From the listing below, restate word for word the lines from the line containing "Диффузор радиатора Volkswagen Touareg 2006" down through the line containing "35 Warga Semarang". Exclude pictures.

Records for this task
Content starts

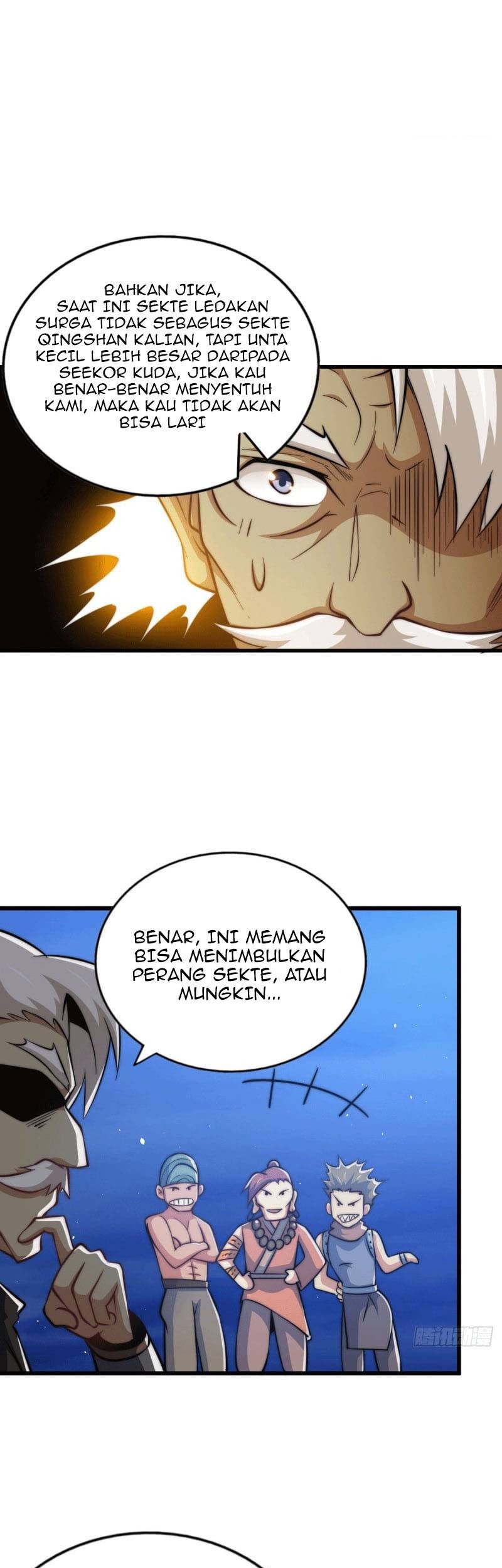 Beyond Myriad Peoples Chapter 31 - halaman 28
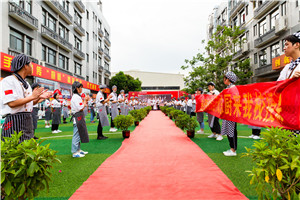 “名师传道提技能 精锐授业育人才”|大师进校园 倾情传授烹饪技艺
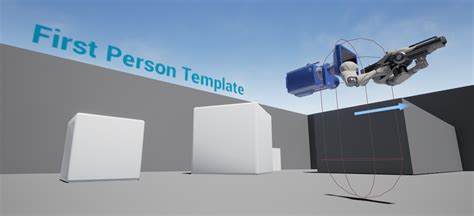 Unity Creating a First Person Character 的图像结果
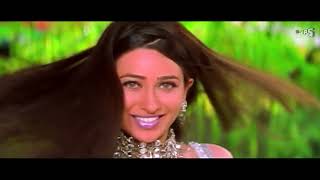 Jungle Hai Aadhi Raat Hai Video Song ¦ Biwi No 1 ¦ Salman Khan u0026 Karisma Kapoor ¦ Anu Malik [upl. by Odnalo185]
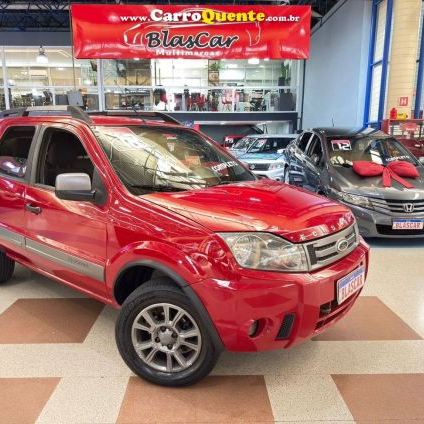 FORD ECOSPORT 2012
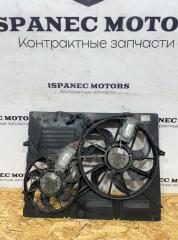 Диффузор радиатора Volkswagen Touareg 2006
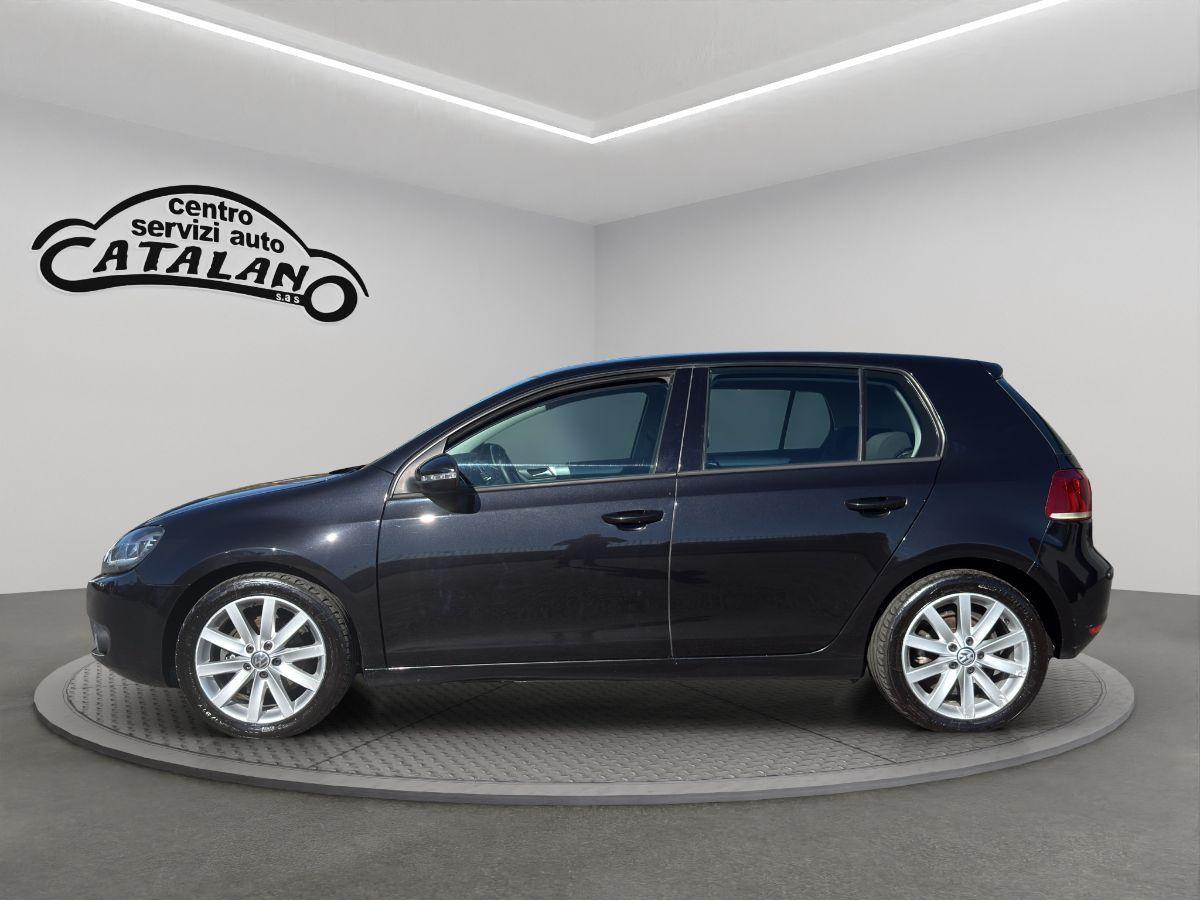 VOLKSWAGEN - Golf - 1.6 TDI 105CV DPF 5p. Highline LED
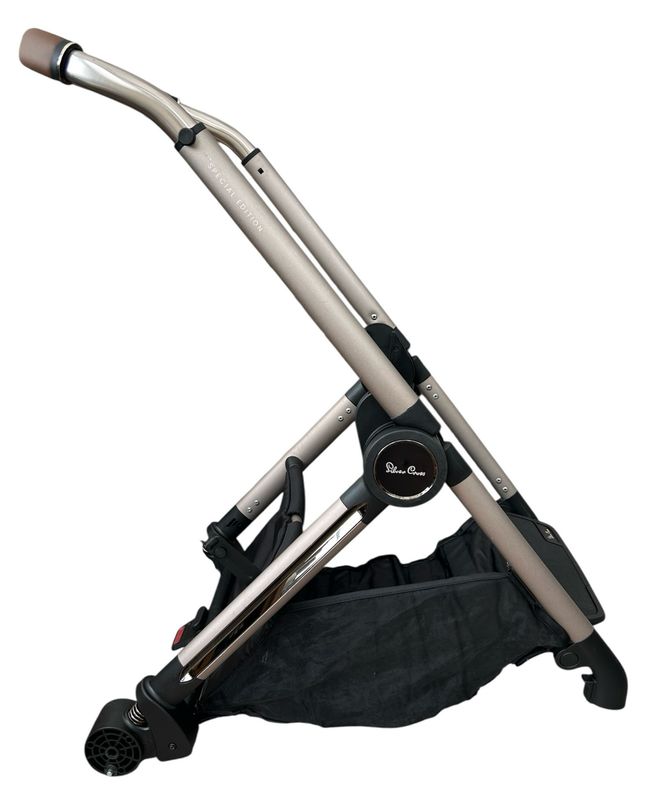 Silver Cross Reef 2 Special Edition Chassis - Frappe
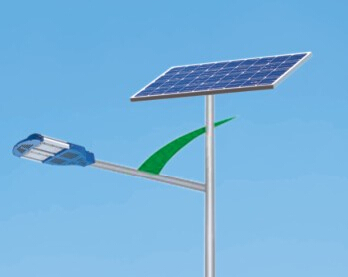 華可小知識：led太陽(yáng)能路燈燈桿的抗氧化處理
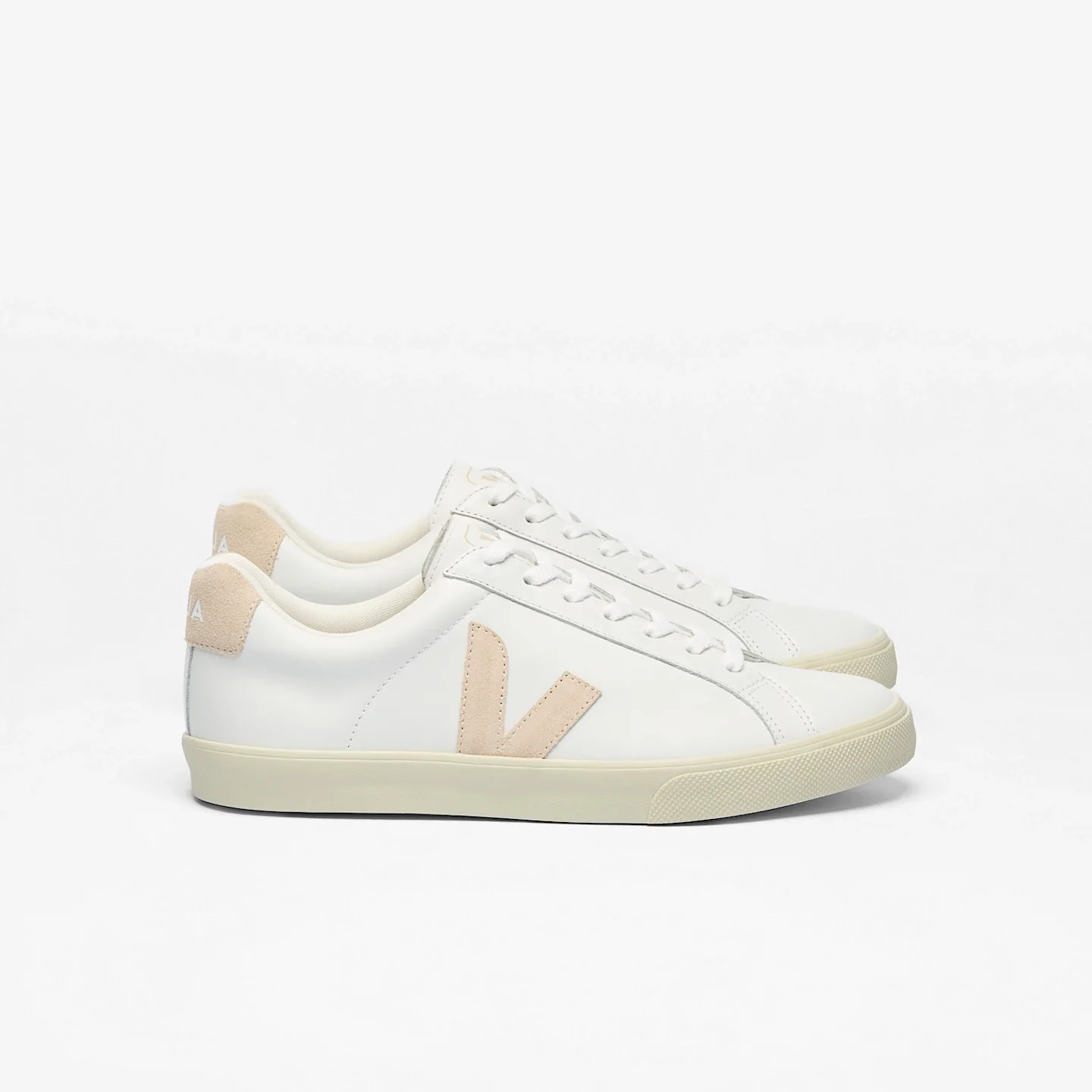 Veja Women's Esplar Leather Sneakers - Image 7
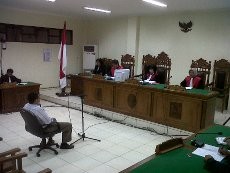 35 Warga Semarang Ditangkap Saat Asyik Berjudi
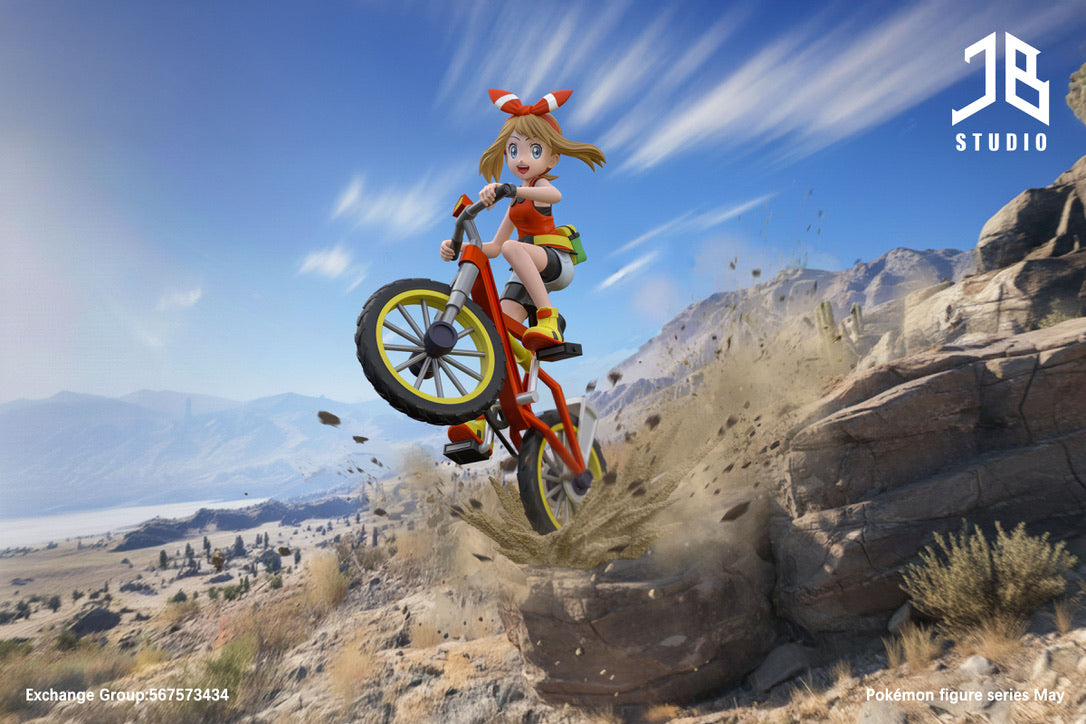 [PREORDER] 1/20 Scale World Figure [JB] - May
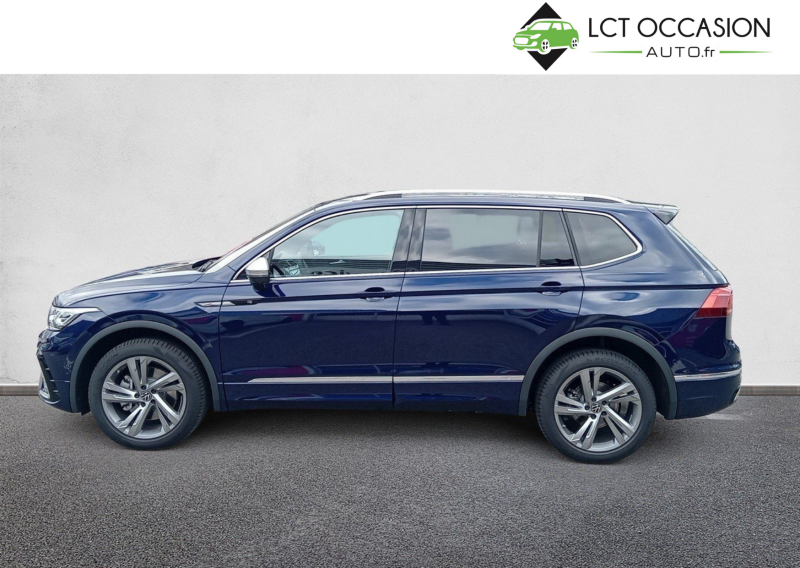 VOLKSWAGEN Tiguan Allspace 2.0 TDI 200ch DSG7 4Motion R-Line 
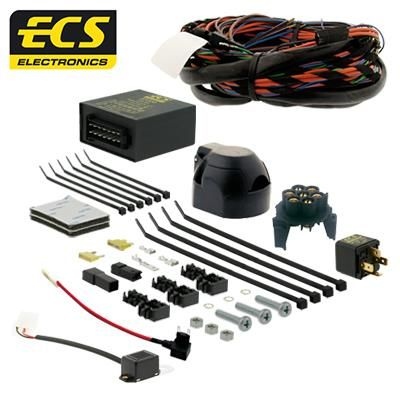 E-set, tow bar AF015BX ECS Electronics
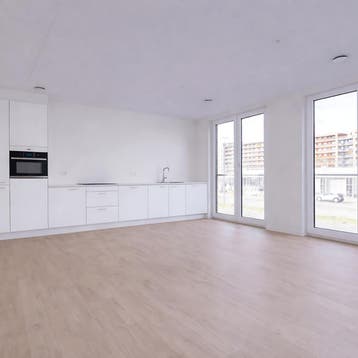 Appartement in Zaandam gevonden voor €2250,- pm, Direct bij eigenaar, Noord-Holland, Zaandam, Appartement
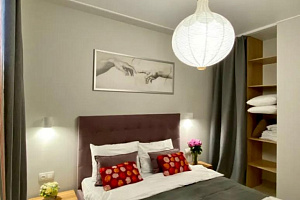 Отели в Эсто-Садке рейтинг, "Уютная Дизайнерская" 2х-комнатная рейтинг - цены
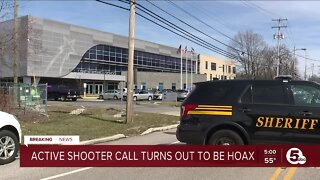 Active shooter call at Coventry High School was hoax, one of many nationwide
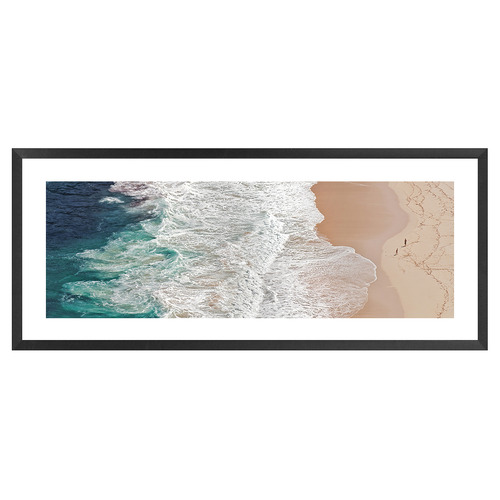Where the Ocean Ends Printed Wall Art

Content ends

Solved exercise
 Диффузор радиатора Volkswagen Touareg 2006
 VOLKSWAGEN - Golf - 1.6 TDI 105CV DPF 5p. Highline LED
 Silver Cross Reef 2 Special Edition Chassis - Frappe
 華可小知識：led太陽(yáng)能路燈燈桿的抗氧化處理
 Veja Women's Esplar Leather Sneakers - Image 7
 35 Warga Semarang Ditangkap Saat Asyik Berjudi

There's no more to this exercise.